BEGIN
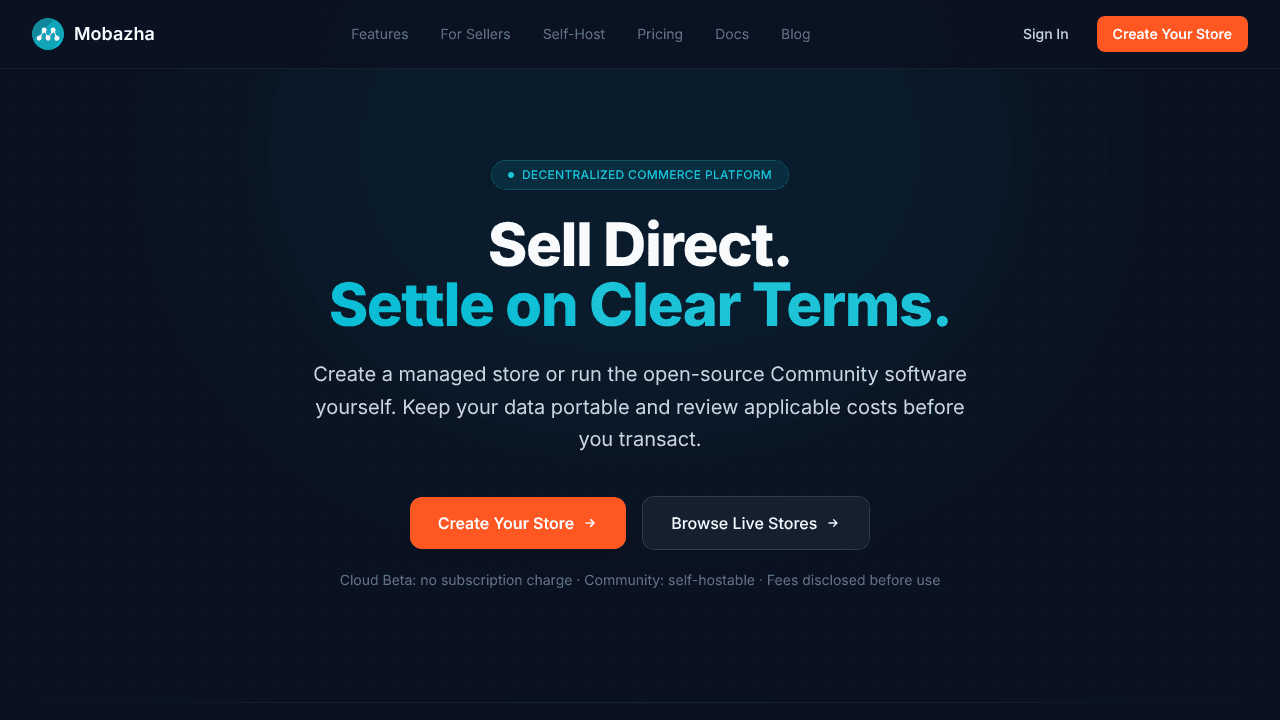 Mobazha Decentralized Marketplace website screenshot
END
BEGIN
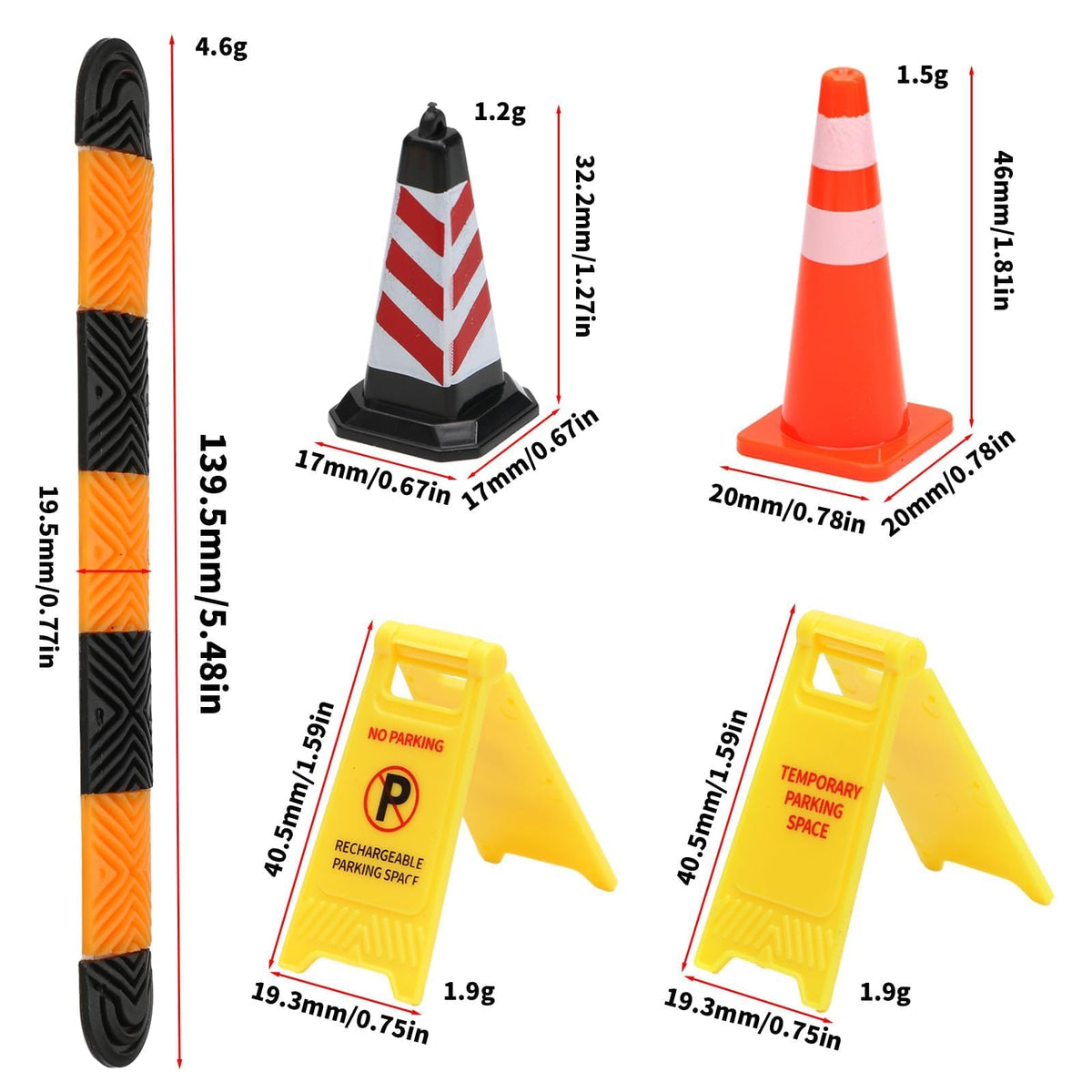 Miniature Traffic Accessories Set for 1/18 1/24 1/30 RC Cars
END
BEGIN
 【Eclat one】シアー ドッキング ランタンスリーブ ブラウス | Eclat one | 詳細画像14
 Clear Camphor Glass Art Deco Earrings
END
WHAT IS REQUIRED — What are the lines, exactly as written above, from the line with "one | 詳細画像14" to the line with "Clear Camphor Glass Art Deco Earrings", both included? Output only those.

WRITTEN RESPONSE —
 【Eclat one】シアー ドッキング ランタンスリーブ ブラウス | Eclat one | 詳細画像14
 Clear Camphor Glass Art Deco Earrings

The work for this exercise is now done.